The Elephant People bare all in controversial documentary

Tufts' annual Naked Quad Run is the subject of an expos?© entitled The Elephant People, which will be shown today at 7:30 p.m. at the Coolidge Corner Movie Theater. The documentary tries to uncover the motives behind years of Jumbos' participation in the tradition, said producer Jeremy Noritz, who graduated from Tufts in the combined degree program through the Museum School in 2000.

The first cut of the documentary was shown at both Tufts and the Museum School in the spring of 2001, and has since been revised. It was completed a year ago, and Noritz would like to organize a showing of the new cut on campus sometime before this December's Quad Run.

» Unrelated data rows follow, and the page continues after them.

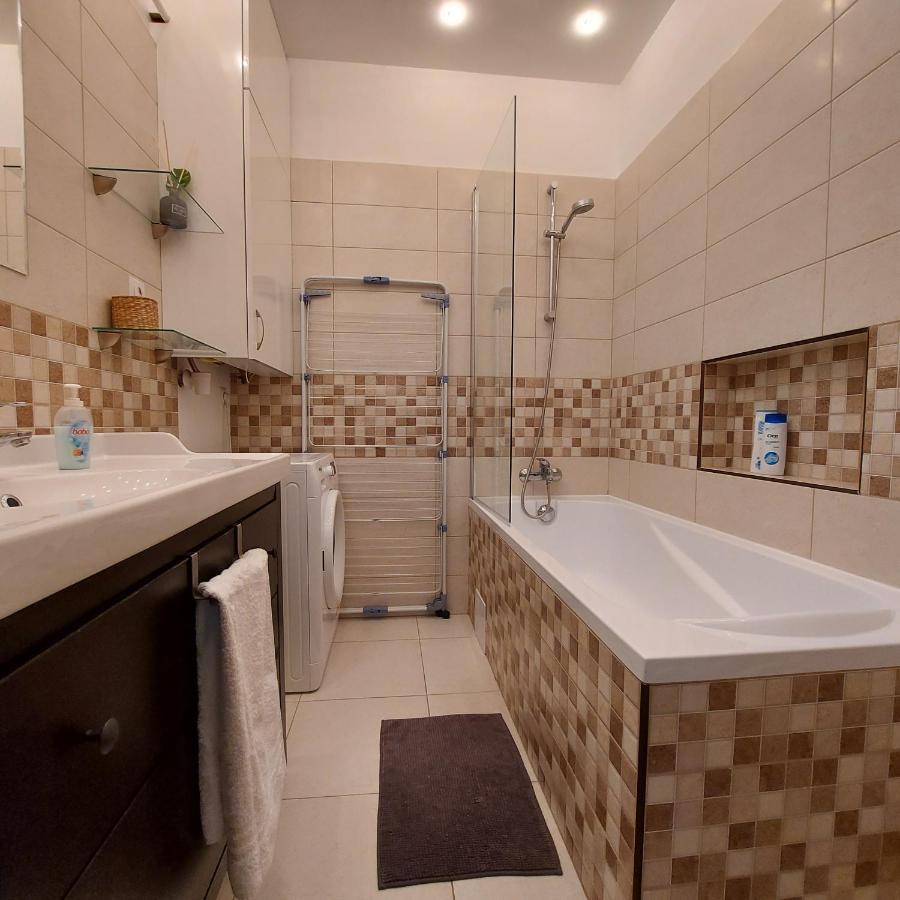 Ancsi Apartmant Kecskemét Kültér fotó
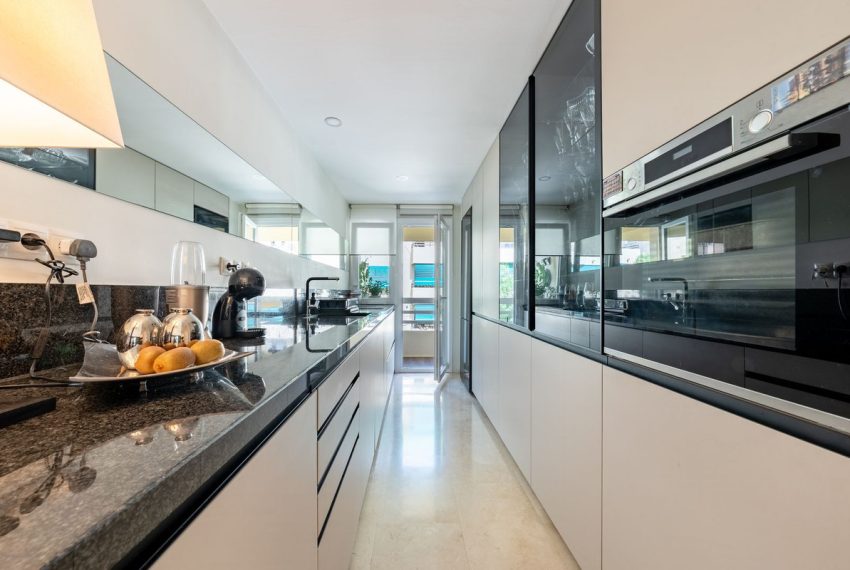 R5135422-Apartment-For-Sale-Marbella-Middle-Floor-Apartment-2-Beds-130-Built-4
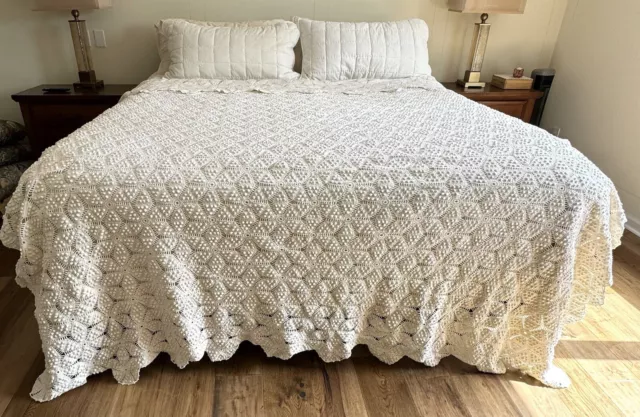 Vintage Hand Crocheted Cotton Coverlet Bedspread 82" x 101" Ivory Flower Hobnail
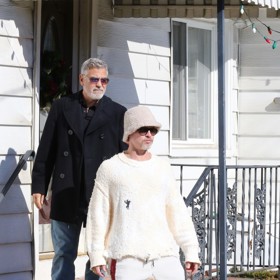 Zde momentálně natáčí svůj nový film Wolves, v němž se znovu objeví po boku svého kamaráda George Clooneyho (na snímku).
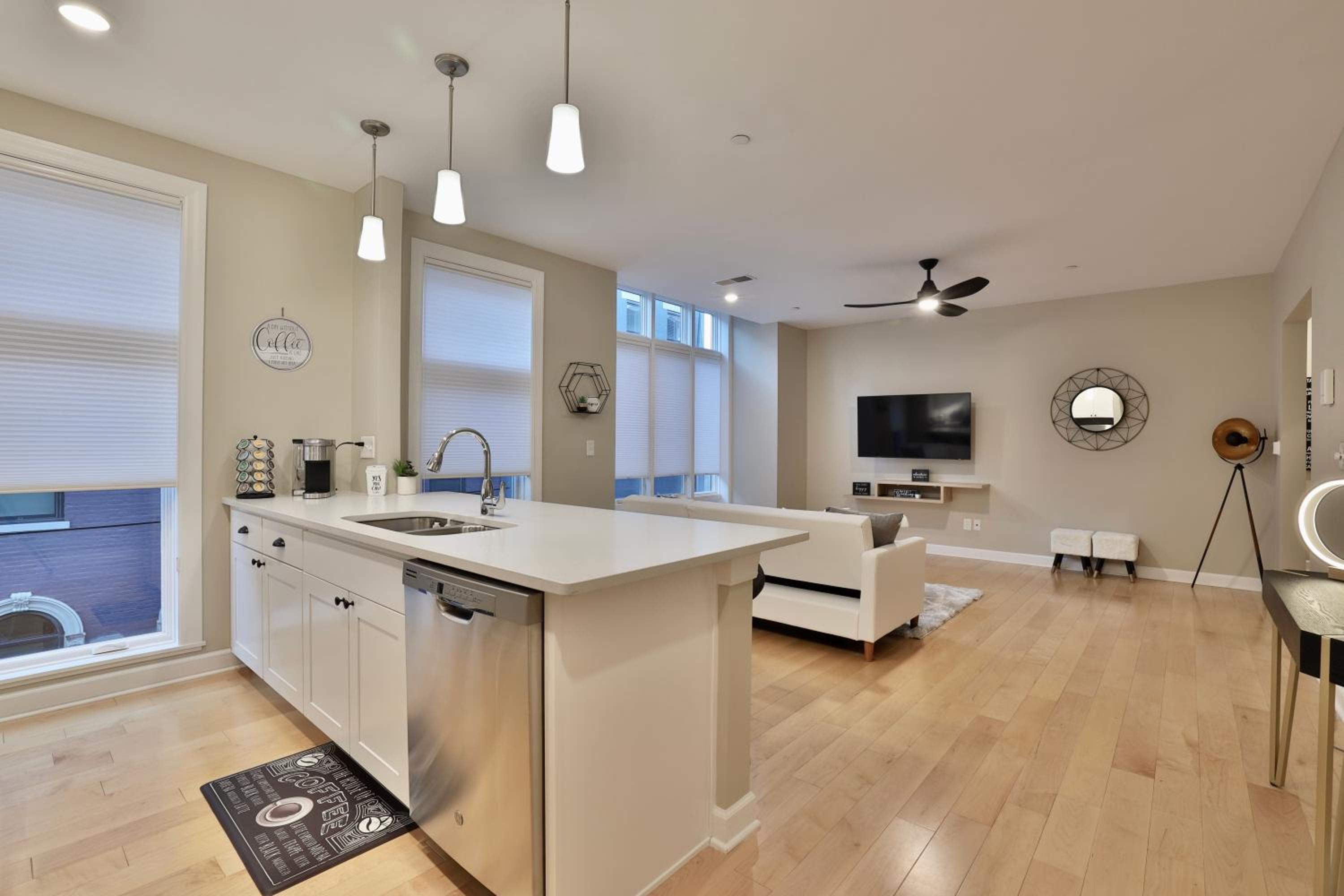 One-Bedroom Apartment - Photo 18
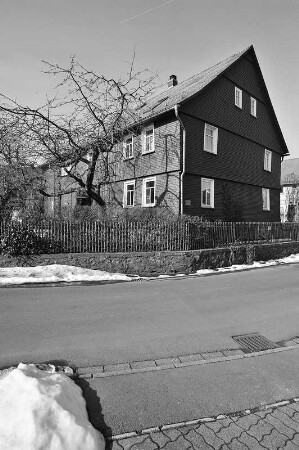 Ehem. Synagoge und Schule (Synagoge); Ulrichstein, Herrngartenstraße 7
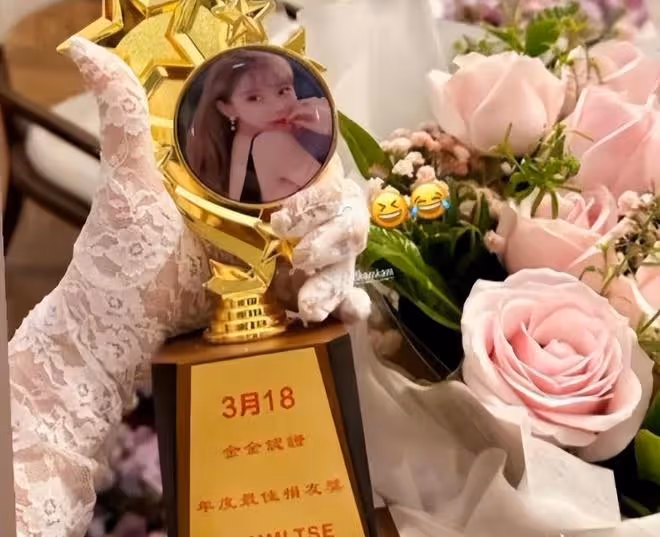 陳冠希前女友慶祝28歲生日,鮮花擺滿整個房間,閨蜜送其獎盃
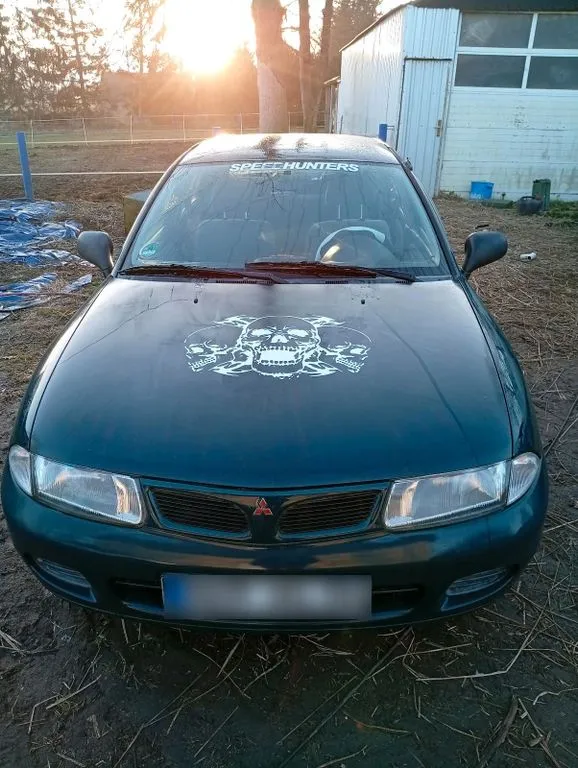 Mitsubishi Carisma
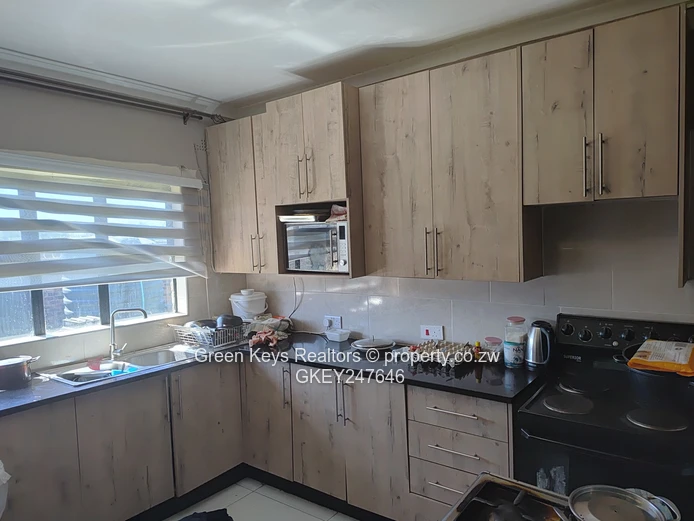 Marlborough 3 beds cluster unit for sale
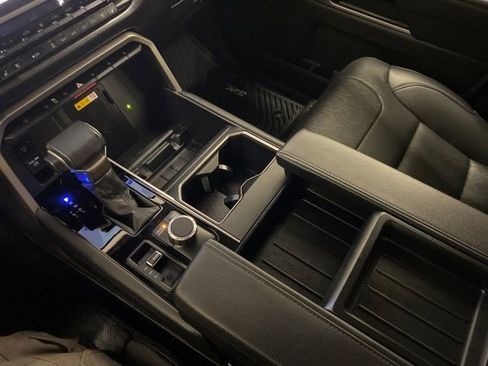 Used 2024 Toyota Tundra Limited image 22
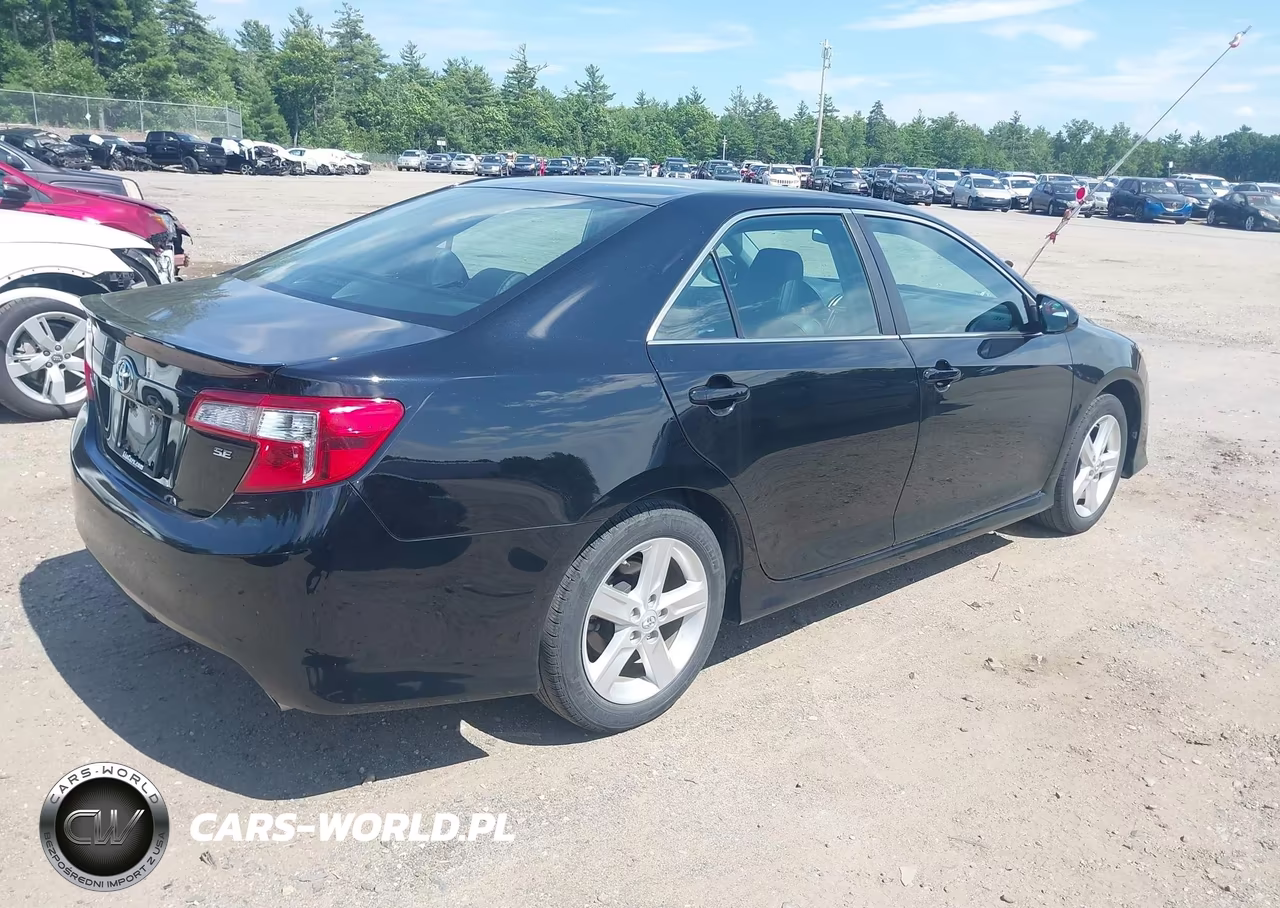 2014 Toyota Camry Se VIN:4T1BF1FK9EU742270 - 4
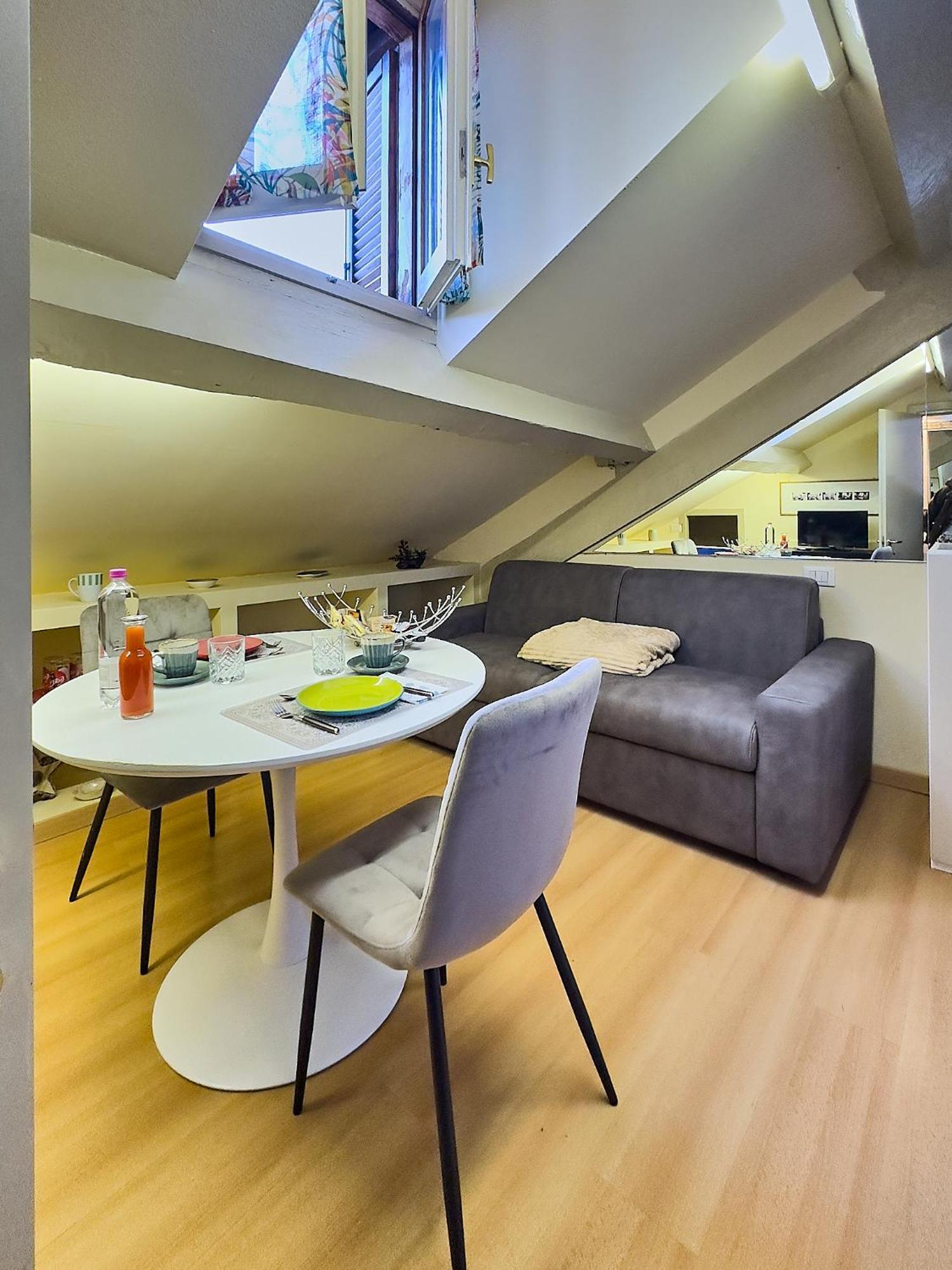 Brera - Tiny Apartment Milan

Noritz said he decided to explore the subject because he was interested in the Quad Run's origins and why it became a tradition. "I was interested in... what compels college students to run naked in a group, and to kind of just see what it's all about," Noritz said.

Although the tradition has been described as a way for students to blow off steam the night before the first day of reading period, Noritz said, "it had to be more than that for it to keep going on."

The documentary, billed in a press release as "revelatory and controversial," explores the role of peer pressure in students' decisions to run. While each participant has his or her own reason for running, Noritz said, his investigation revealed that "a lot of it became about peer pressure at times."

Tufts alumni such as Michael Dupuy (LA '01), who worked with Noritz on projects for Tufts' radio station WMFO, helped with the endeavor. "I think it's obvious that it's a very interesting phenomenon in and of itself," Dupuy said of the Quad Run.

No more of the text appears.